Two meetings, two different parties, one consistent message from Chairman Adams – Seniors are watching, seniors vote, and seniors notice who shows up for them.

Legislative News

H.R. 9187 — Bipartisan Social Security Commission Act of 2026. This one’s worth paying attention to. Reps. Tom Cole (R-OK) and Tom Suozzi (D-NY), an odd-couple pairing that’s exactly the point, have revived the idea behind the 1983 Greenspan Commission: Get a small, serious group of lawmakers and experts in a room, give them a year, and make them find a Social Security fix that at least 9 of 13 members can agree on. If they do, Congress is guaranteed an up-or-down vote. With the trust fund on pace to run dry in 2032 and an automatic 22% benefit cut waiting on the other side, this is one of the few proposals drawing praise from groups that rarely agree on anything, the Bipartisan Policy Center and the Committee for a Responsible Federal Budget among them.

H.R. 9064 — Nest Egg Protection Act. Rep. Malliotakis’s bill is now sitting in the House Ways and Means Committee, where it’ll need to pick up momentum and cosponsors before it goes anywhere.

Your Social Security Check Is Going Fully Digital

Here’s a heads-up worth sharing with every member who still waits for the mail carrier on check day: the Social Security Administration confirmed it’s completing the switch to all-electronic payments this year. Paper checks, it turns out, go missing or get stolen 16 times more often than direct deposits, not exactly reassuring math when that check is someone’s entire monthly income.

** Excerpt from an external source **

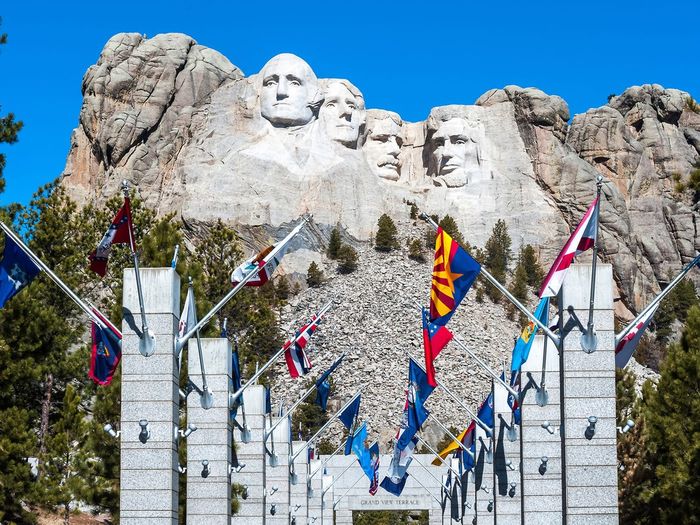 Đến Núi Tổng Thống Mount Rushmore để tham quan là lựa chọn của nhiều du khách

We know this isn’t as simple as “just switch online” for everyone, so here’s what actually helps:

  • Set up direct deposit through a my Social Security account, or ask your bank to send your information to SSA directly.
  • No bank account? The Direct Express® prepaid debit card still works electronically — call 1-800-967-6857 or visit GoDirect.gov.
  • Genuinely can’t make the switch — remote location, health limitations, whatever the reason? A waiver through the U.S. Treasury is available. Nobody should be forced into a system that doesn’t fit their life.

We’ll be watching closely to make sure “efficient” doesn’t quietly become “left behind” for the seniors who need the most support navigating this change.

COLA Watch: The Math That Keeps Shifting

Here’s where it gets a little frustrating. TSCL’s latest read on the 2027 COLA puts it at around 3.8%, up from this year’s 2.8%, largely due to high gas and energy prices. Sounds like good news. It rarely feels like it.

One number from our latest Senior Survey stopped us in our tracks: 44% of retirees, or roughly 24.8 million people, now say Social Security is all they have to live on. That’s up from 39% just a year ago. When that many people are relying entirely on one check, getting the formula right isn’t a technicality. It’s the whole ball game. That’s part of why bills like H.R. 9296 (the Strengthening Social Security Act), which would shift COLA calculations to the CPI-E, keep coming back year after year. The current formula simply wasn’t built with retirees’ actual costs in mind.

The official 2027 number arrives from SSA in October. We’ll be ready with the calculator the moment it lands.